Sebagai produsen cold-pressed juice, Re.juve juga menghasilkan sampah organik setiap harinya. Sampah organik ini berasal dari sisa sayur dan buah yang telah diolah menjadi cold-pressed juice.
Akan tetapi, sampah-sampah organik yang dihasilkan Re.juve tak berakhir sia-sia di tempat pembuangan sampah. Sebaliknya, Re.juve dan KOMPIS justru bekerjasama untuk mengolah sampah-sampah organik ini menjadi produk yang bernilai tinggi.
Dalam kerja sama ini, KOMPIS mengambil sampah organik dari pabrik Re.juve setiap hari. Sampah organik ini lalu dibawa ke fasilitas milik KOMPIS untuk dicacah dan difermentasi selama beberapa hari.
Setelah itu, sampah organik yang telah difermentasi dijadikan pakan untuk lalat jenis black soldier fly (BSF). Prepupa atau maggot yang dihasilkan oleh BSF ini bisa digunakan sebagai pakan ikan dan unggas.
Melalui cara ini, KOMPIS bisa menghasilkan 100 kilogram maggot per hari. Ada dua jenis maggot yang dihasilkan dari inovasi ini, yaitu maggot segar dan maggot yang telah dikeringkan.
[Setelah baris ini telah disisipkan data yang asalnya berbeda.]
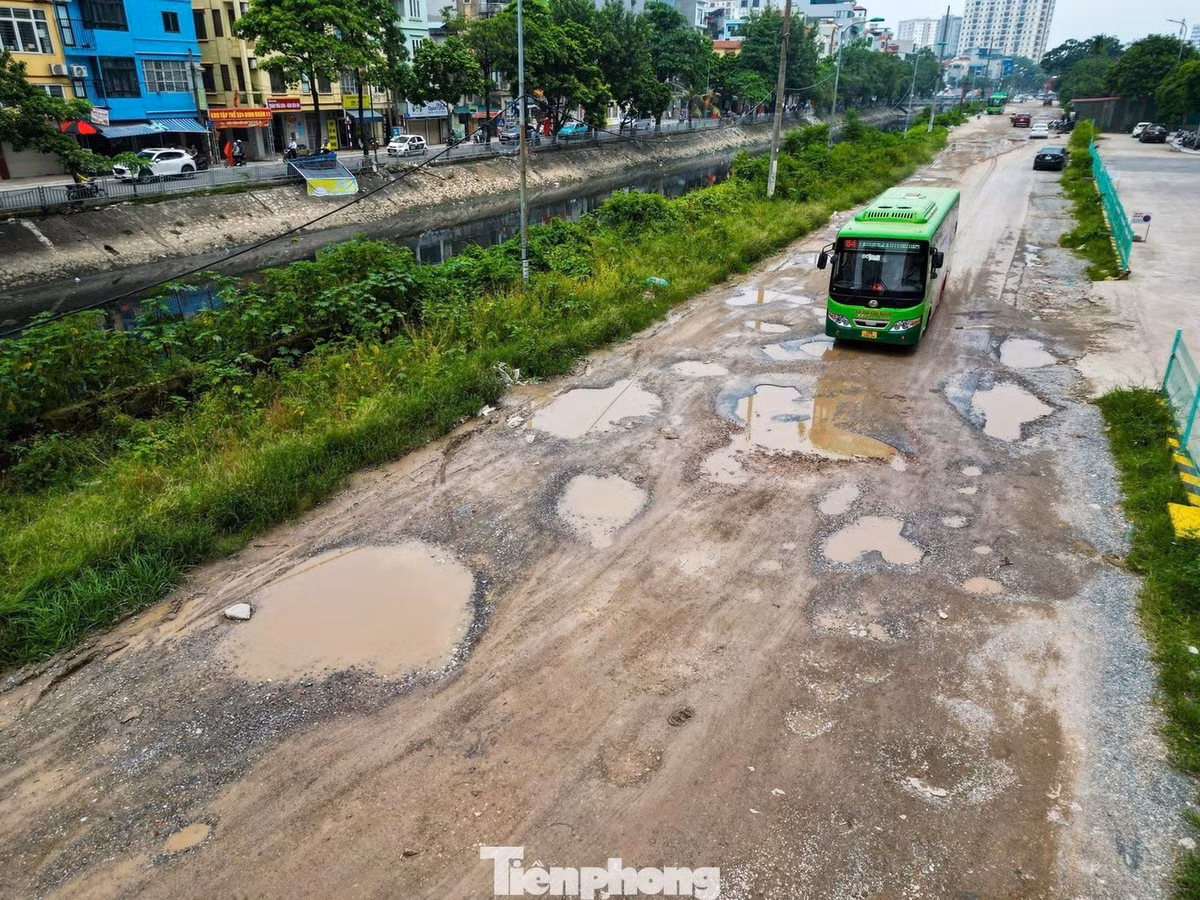 Trước đó hơn một tháng, lòng đường Nguyễn Cảnh Dị vừa nhỏ hẹp vừa ổ gà, ổ trâu chằng chịt và được đánh giá là tuyến đường xấu nhất nội đô Hà Nội.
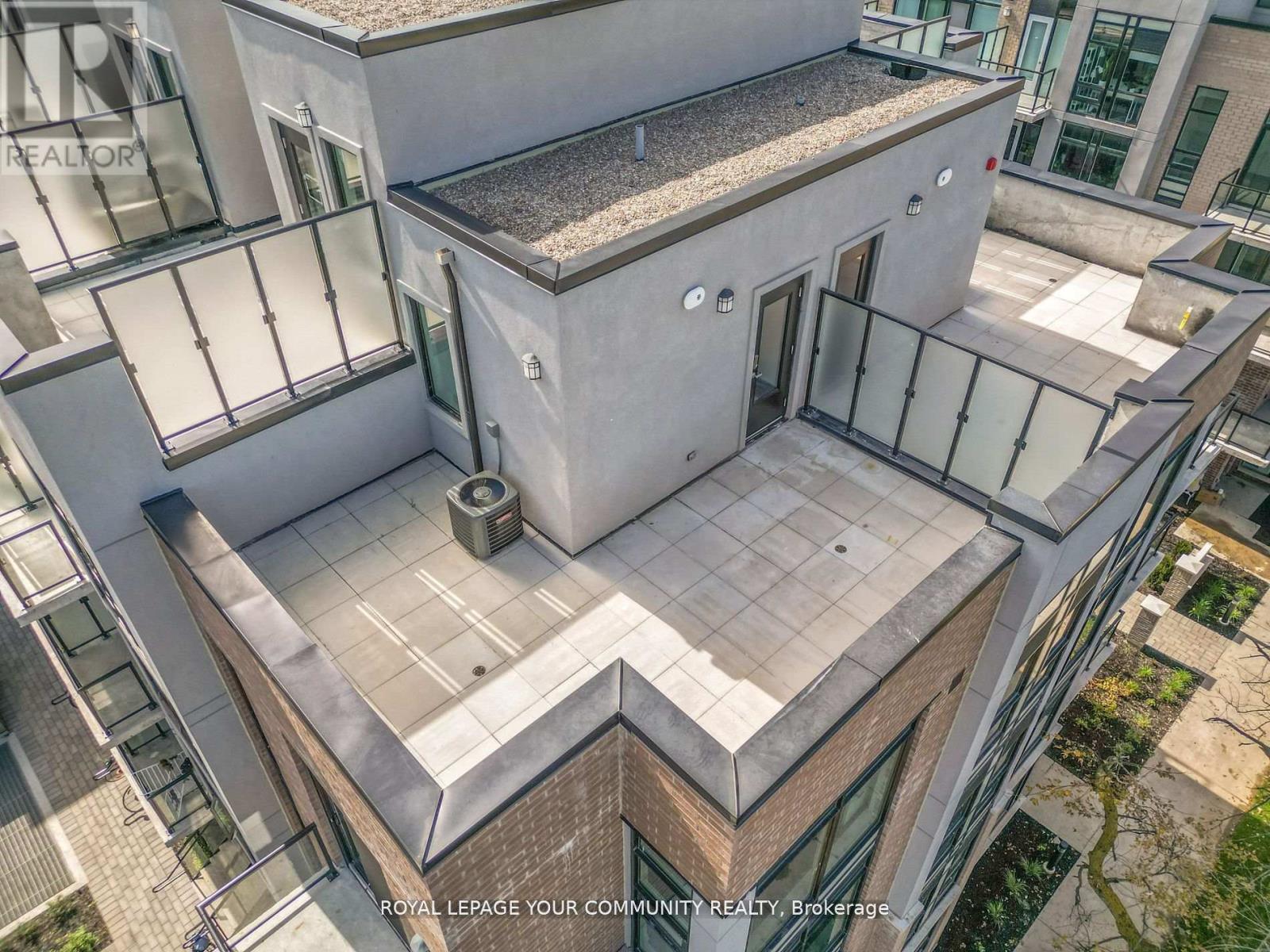3rd - 11-851 Sheppard Avenue, Toronto, Ontario  L4C 0T4 - Photo 6 - C12451376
Maggot segar bisa langsung dimanfaatkan sebagai pakan ikan oleh petani ikan. Sedangkan maggot kering dijual dalam kemasan dengan harga Rp 30 ribu per 150 gram.
"Kami sampai ekspor ke Eropa maggot-nya," jelas Pendiri KOMPIS Creative Solutions Emil R Kaburuan PhD.
Sisa sampah organik fermentasi yang tidak dimakan atau dikenal sebagai "kasgot" (bekas maggot) juga tetap memiliki nilai. Sisa-sisa ini bisa langsung diimplementasikan sebagai kompos.
Mengacu pada data Barilla Center for Food and Nutrition, Emil mengatakan Indonesia merupakan negara penghasil sampah makanan terbesar kedua di dunia. Sampah organik memang dapat terurai. Tapi proses ini membutuhkan waktu.
"Selama waktu itu, ada banyak hal yang terjadi. Ini yang kami coba beri solusinya," timpal Emil.